Afghan President Hamid Karzai has damaged his own cause once again, this time criticizing the counter-terrorism operations of coalition forces. As he routinely does, Karzai claimed there is no problem in Afghanistan and we’re only fighting in his country because we aren’t willing to take on the problem in Pakistan. Even leaving aside the obvious untruth of his statement (if there’s no threat in Afghanistan, who exactly are we fighting that has produced the increasing casualty counts among American forces?), President Karzai may have managed to alienate the one part of the U.S. government that’s actually trying to help him succeed.

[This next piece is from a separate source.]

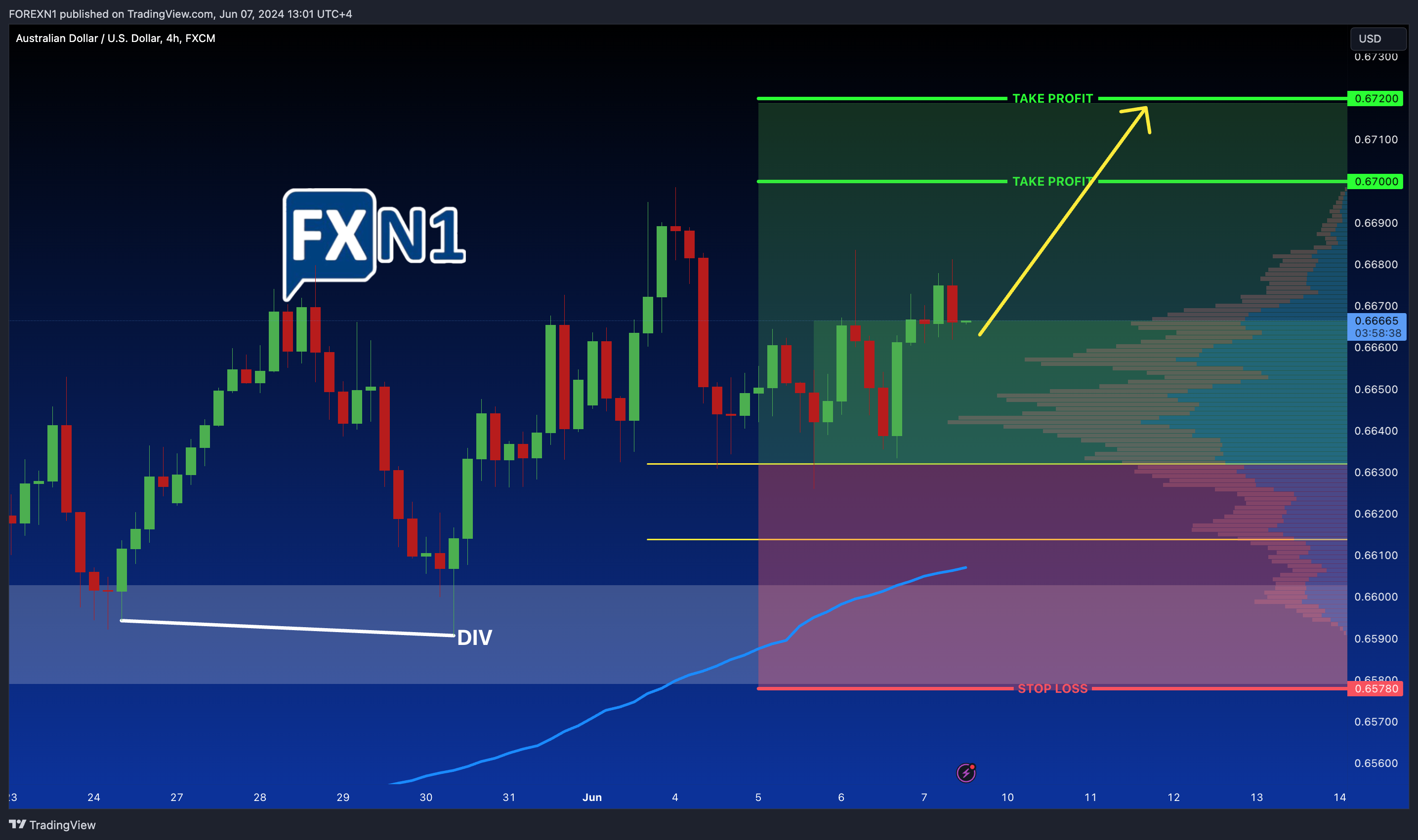 FX:AUDUSD圖表圖片，作者：FOREXN1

The American military may not be ineffectual President Karzai’s natural ally, but its leaders have been the ones constructively engaged. Ambassador Karl Eikenberry described Karzai as mentally unstable (to Bob Woodward, no less). Eikenberry’s “diplomatic” cables terming Karzai an inadequate partner (which were leaked) and advocacy of ending efforts to build governance in Afghanistan should have seen him replaced by someone who could fashion a constructive relationship with the person on whom our strategy critically depends. The President’s Special Envoy, Richard Holbrooke, has managed a one-man double play of having bad relations with both the Pakistanis and Afghans.
Our diplomatic effort is floundering so badly that the military has basically taken over the job. General McChrystal had the only solid relationship with Karzai; General Petraeus has become the crucial conduit. Karzai’s public criticism of our military operations may change that, leaving Karzai even lonlier. Instead of a “civilian surge” to improve governance in Afghanistan, soldiers and Marines now perform those crucial diplomatic functions.
In the offending interview, Karzai basically pleads for massive development assistance and withdrawal of U.S. troops. His comments make him likely to achieve only half that.